Over the hedge
Despite being on a major road, the New Norfolk property Rosedown has been turned into a lush, welcoming sanctuary
IN 1985, the property known as Rosedown in New Norfolk was made up of two conjoined semi- dilapidated cottages, a hawthorn shrub and one golden delicious apple tree.
Fast- forward to the present day and now it attracts hundreds of visitors a year looking for inspiration for their gardens or just to admire the handiwork of Ian and Brenda Triffitt.
The Triffitts have faithfully restored and extended the late Georgian homestead as well as cultivated a world- class garden full of roses, conifers, daffodils, lilacs, hydrangeas and much more over about two hectares.
As long- time residents of New Norfolk, the couple jumped at the chance to own the historical property, which is believed to have been built in the late 1840s.
By the time the Triffitts purchased it in 1985, Rosedown had seen better days. ‘‘ I didn’t want to live in it,’’ Brenda said. ‘‘ I didn’t even see an electric stove in the house anywhere. Turned out the previous owners had cooked everything in the dining room on an open fire!
‘‘ We think it was built for the workers who came out from Kent for the hop industry.
‘‘ In Old Pubs of Australia it is also listed as an inn but that’s about all we know about that.’’

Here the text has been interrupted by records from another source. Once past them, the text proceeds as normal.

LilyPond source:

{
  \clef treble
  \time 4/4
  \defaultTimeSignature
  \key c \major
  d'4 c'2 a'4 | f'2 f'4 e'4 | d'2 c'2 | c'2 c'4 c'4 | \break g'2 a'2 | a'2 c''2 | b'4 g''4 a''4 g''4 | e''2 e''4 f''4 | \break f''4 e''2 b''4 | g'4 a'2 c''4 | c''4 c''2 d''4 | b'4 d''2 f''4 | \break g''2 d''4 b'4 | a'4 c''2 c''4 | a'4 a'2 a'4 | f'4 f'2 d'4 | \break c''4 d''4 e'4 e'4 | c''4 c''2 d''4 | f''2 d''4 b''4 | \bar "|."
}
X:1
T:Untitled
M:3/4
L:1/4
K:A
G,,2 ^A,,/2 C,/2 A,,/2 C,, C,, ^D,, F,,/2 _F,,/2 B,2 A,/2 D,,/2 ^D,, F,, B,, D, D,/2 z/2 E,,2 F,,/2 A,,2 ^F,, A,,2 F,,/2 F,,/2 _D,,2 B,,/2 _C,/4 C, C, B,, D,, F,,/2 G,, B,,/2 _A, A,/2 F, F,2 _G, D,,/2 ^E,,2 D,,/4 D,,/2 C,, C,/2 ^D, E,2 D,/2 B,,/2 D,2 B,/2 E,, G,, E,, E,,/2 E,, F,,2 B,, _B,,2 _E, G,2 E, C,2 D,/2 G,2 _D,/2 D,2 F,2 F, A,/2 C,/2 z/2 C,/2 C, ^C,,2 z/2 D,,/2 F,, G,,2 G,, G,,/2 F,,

Originally owned by the Shoobridge family, who began the hops industry in and around the Derwent Valley in the 1820s, it housed those who worked in the fields and orchard.
Situated next to the Lyell Highway, the house was suffering due to all the passing log trucks, with cracks appearing in the walls.

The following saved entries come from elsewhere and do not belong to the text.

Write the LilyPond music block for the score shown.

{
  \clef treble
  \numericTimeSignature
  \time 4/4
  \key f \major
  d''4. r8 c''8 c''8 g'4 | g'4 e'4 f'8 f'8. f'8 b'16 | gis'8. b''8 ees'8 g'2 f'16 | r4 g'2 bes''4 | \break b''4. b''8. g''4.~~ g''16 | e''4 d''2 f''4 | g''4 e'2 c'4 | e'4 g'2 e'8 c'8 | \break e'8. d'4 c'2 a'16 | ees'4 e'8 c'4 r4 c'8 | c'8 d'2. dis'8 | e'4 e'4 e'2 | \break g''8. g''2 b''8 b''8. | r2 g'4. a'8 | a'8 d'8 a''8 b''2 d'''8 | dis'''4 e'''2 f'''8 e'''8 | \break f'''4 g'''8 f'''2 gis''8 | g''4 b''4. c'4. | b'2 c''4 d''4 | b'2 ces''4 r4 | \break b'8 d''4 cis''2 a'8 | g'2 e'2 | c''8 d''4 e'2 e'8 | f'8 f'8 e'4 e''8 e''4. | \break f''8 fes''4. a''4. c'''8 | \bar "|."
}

The Triffitts took to completely gutting one of the cottages, tearing down the dividing wall and replastering the entire building to create one large home.
The original weatherboard lean- to at the back of the house was removed and replaced with a new brick section.

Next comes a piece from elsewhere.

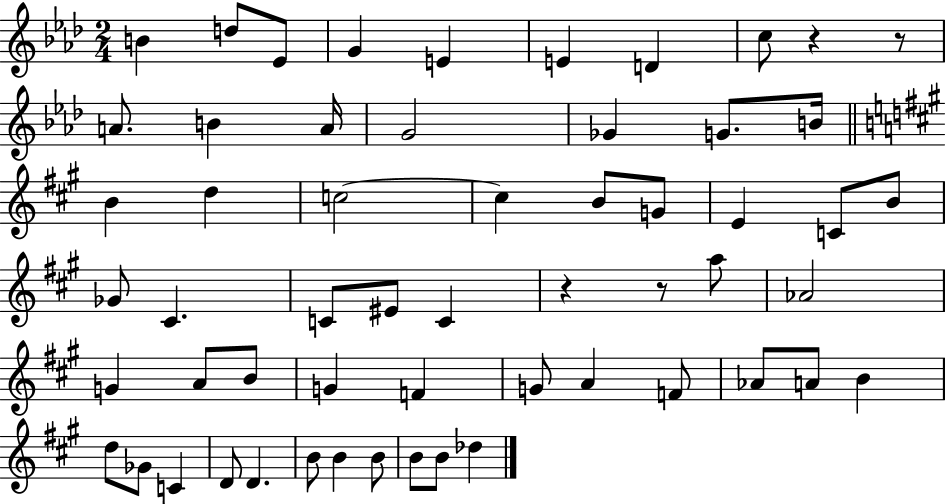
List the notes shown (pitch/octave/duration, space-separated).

However, the bricks themselves are actually 20 years older than the main home, having been taken from another historic New Norfolk property.
Glass atriums have been added on either side of the extension to allow the natural light and views of garden into the house.
Gardening was rarely on the agenda for either Ian or Brenda but since being bitten by the renovating bug both inside and out they also became involved in the Open Gardens Australian scheme. They have now been involved with the scheme for about 20 years.
‘‘ It was a latent interest,’’ Brenda said of her favourite pastime.
‘‘ With three children going to school in Hobart we just saw life through the windscreen of the car for years and then we bought here and had time to do the things we really wanted to. I was just going to have a small garden with roses but that soon changed.
‘‘ I think the garden reflects the symmetry of the house; it’s a lovely big extra room but without a ceiling.’’
Brenda has taught adult education gardening classes from the property in the past as well as hosting various charity events.
The pair vow to keep enjoying the property while they can but accept that they will not be able to keep up with all the maintenance as they age.
‘‘ It’s a sanctuary; it’s very peaceful despite the highway out the front,’’ Brenda said.
‘‘ You feel as though you’re away from everything and everyone if you want to be and yet we’re not much more than half an hour from the capital city.’’
AREA: A vase of flowers from the extensive garden ( above) and a creeper adds character to the original front section of the home ( right).
OLDE- WORLDE: Rosedown at 134 Hamilton Rd, New Norfolk ( left); and ( above, clockwise from top left) kettles sit on the cast iron stove; flowers in the garden; the dining room; and owners Brenda and Ian Triffitt.